UC Berkeley Web Feature
Bye-bye, "Berzerkeley": Surveys provide a peek at the real UC Berkeley students
BERKELEY – UC Berkeley students are all hippies. Or bleeding-heart liberals. Or nerds with their noses pressed against their computer monitors on Saturday nights. Which stereotype you hear depends on who you ask: people on the East Coast, for example, seem to view Berkeley as if time stopped for the university back in 1964, at the peak of the Free Speech Movement.
people say "UC Berkeley" they think of a bunch of weirdos and
super-smart people. Is it accurate? Well, the students here are good
students, they're smart, but there aren't really that many hippies
—John Lujan, 3rd year
If you really want to know what Berkeley students are like, you ask them. That's what the Office of Student Research does each year, e-mailing every single enrolled undergraduate and asking them to fill out an extensive survey in exchange for the chance to win money and prizes. More than 10,000 of the university's 23,000 students took the bait for the Spring 2003 UC Undergraduate Experience Survey (UCUES), while 2,600 of the 3,600 entering freshmen filled out the Fall 2003 online Survey of New Freshmen. (Learn more about the surveys.)
"We've had an excellent response rate," says Gregg Thomson, director of the Office of Student Research (OSR). The 2004 survey goes out March 30, and Thomson hopes the responses will top 50 percent this time. "With such high numbers, we can get a pretty good idea of what students are thinking about."
The answers to the surveys provide a priceless peek into the collective hopes and fears, goals and pet peeves of enough UC Berkeley students to fill the Greek Theater several times over - while exploding a few stereotypes in the process.
Berkeley students work hard
They do, but perhaps not as hard as the rumors have it. While 34.1 percent of freshmen expected to have to study 16 to 20 hours per week outside of classes, only 15.9 percent of UCUES respondents reported actually doing so. The largest group, 28.2 percent, gets by on 6 to 10 hours of studying per week. (If you include time spent "surfing the Internet related to course assignments," however, 62.4 percent spent an additional 1 to 5 hours per week studying.)

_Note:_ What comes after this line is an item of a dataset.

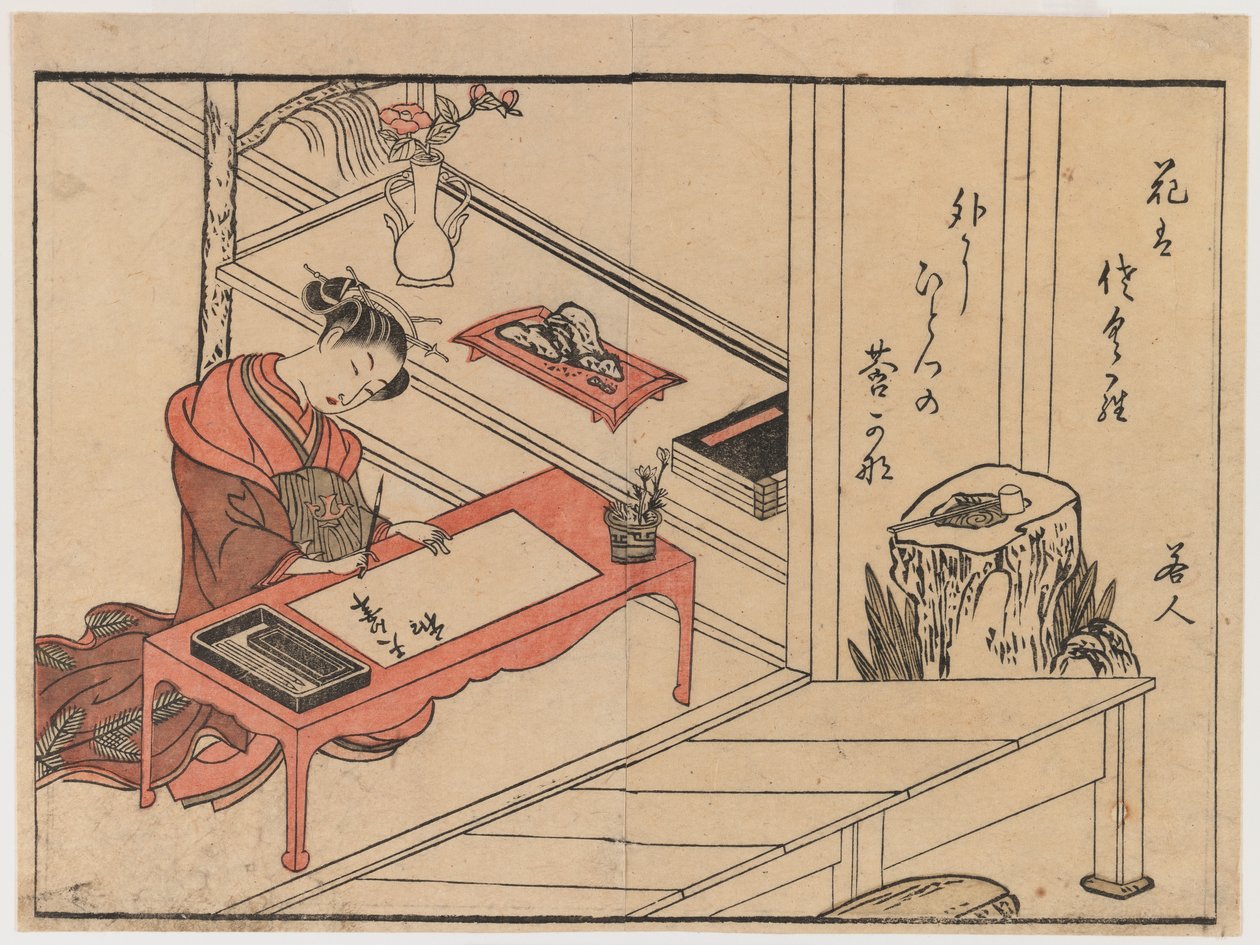 Une femme écrivant, c.1764-1768 - Suzuki Harunobu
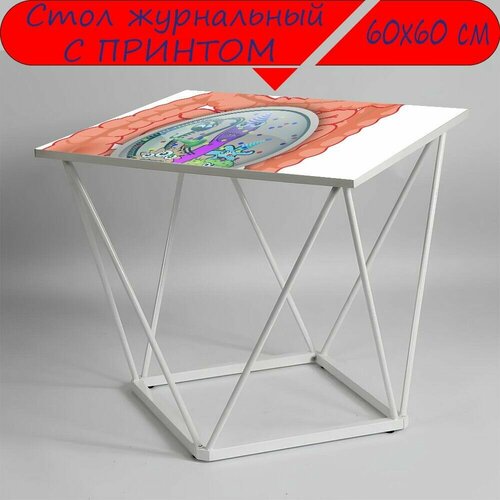 Журнальный стол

|'Outsiders say all the time that Berkeley
is full of really smart people because it's such a prestigious
university. And it is prestigious, but you realize once
you come here that Berkeley's full of people of all sorts
— smart and not as smart.'
—Olivia Or, 4th year
Perhaps their organizational skills are to blame. "Poor" was how 16.5 percent of all students rated their time management skills, with another 36.8 percent calling them "fair" - slightly more than the 35.4 percent who checked "good." The proportions were about the same for entering freshmen, but these first-year students had a lot more anxiety about whether their time-management skills would measure up. Asked to rate theirs fears about "being overwhelmed, my first semester, with all the things that I will be expected to do," 86.4 percent were "somewhat" or "very concerned."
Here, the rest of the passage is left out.